Open vigna opened 4 years ago

vigna commented 4 years ago

It is very common, when trying to analyse distributions of, say, web graph, to have the distribution in the form 1 143245 2 395599 etc., that is, for each possible value the associated numerosity. The way we're using plfit now is simply that of generating a sample by printing 143254 times "1", 395599 times "2", and so on, but this is slow, memory-hungry and definitely suboptimal. How difficult would be to have plfit use directly a sample specified as above?

ntamas commented 4 years ago

Well, it's not impossible but it definitely needs a bit of work. Right now all the functions in plfit.c work with an array of doubles. (This is because the primary use-case for plfit so far was to fit power-laws to degree distributions in igraph, where you already have a vector that contains the degrees for each node in the graph). Switching to the proposed representation (which is basically a run-length encoded version of the sorted sample vector) would necessitate rewriting plfit_i_logsum_discrete() and plfit_i_logsum_less_than_discrete at least, along with all the functions that call these two functions, and the functions related to resampling (for estimating the p-value). Unfortunately I don't think I'll have time for this in the near future, but I can help with the code review if someone is willing to send a PR.

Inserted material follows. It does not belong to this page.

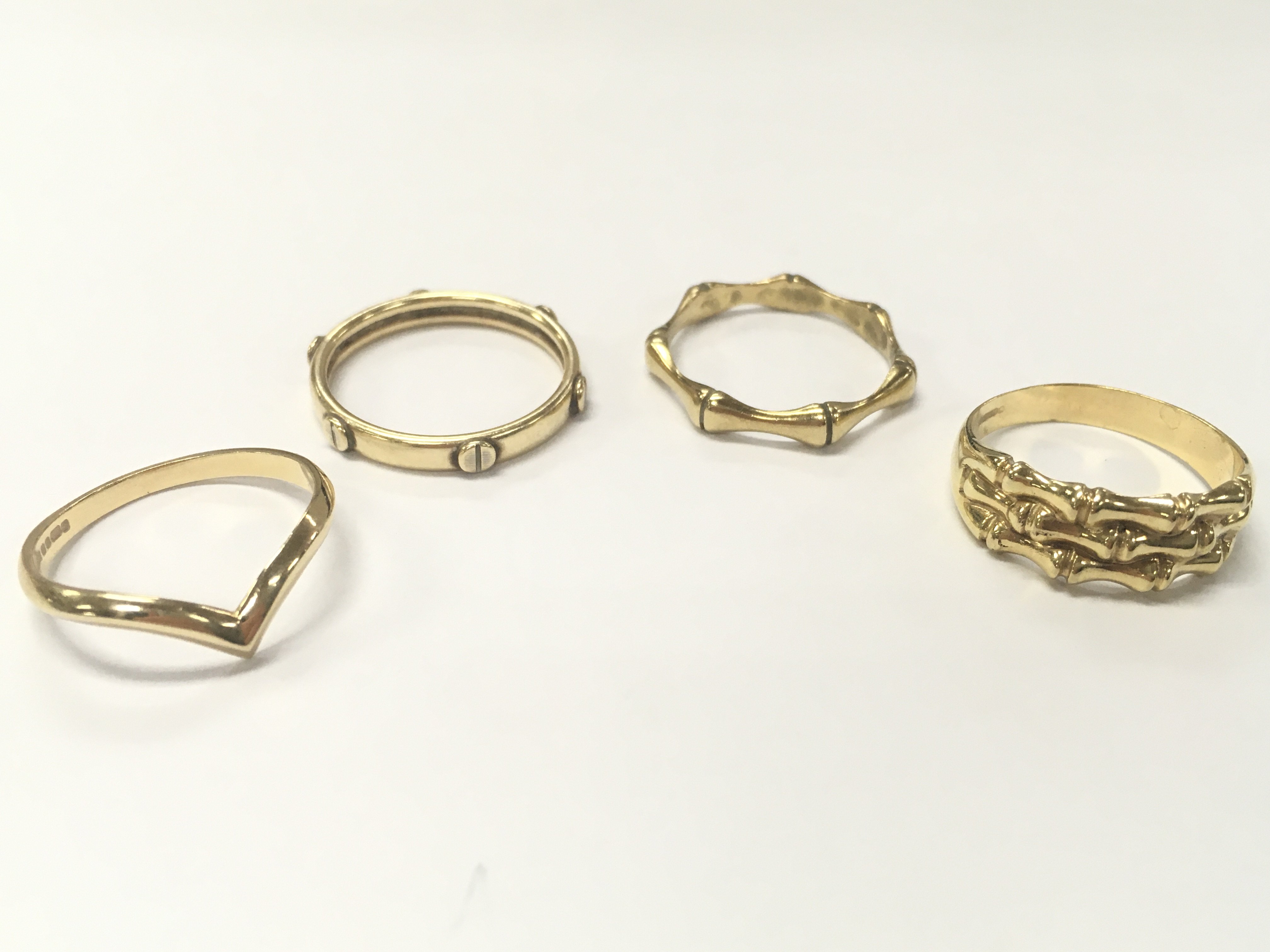 Three 9 carat gold rings and one 14ct gold ring . 9.8g total weight. Sizes S/R, Q. Postage category A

Alternatively, if you worry only about the space consumed on the disk but don't mind if the run-length encoded representation from the disk is "expanded" into a full vector in memory, then it's enough to re-write the first part of process_file in main.c that deals with reading the input file - or write a small Python script that reads the run-length encoded representation from a file and prints the "expanded" representation to stdout, and pipe this into the stdin of plfit.

vigna commented 4 years ago

Yes, the latter is what we are doing now. Only, on a graph with 12 billion nodes, so it's a bit slow and memory consuming 😂.

ntamas commented 4 years ago

Yeah, I can imagine. Sorry about that :( Unfortunately I'm not doing research any more so it's hard to find spare time for these side-projects, that's why I cannot promise that I'll implement this in the near future. It would definitely be a nice addition.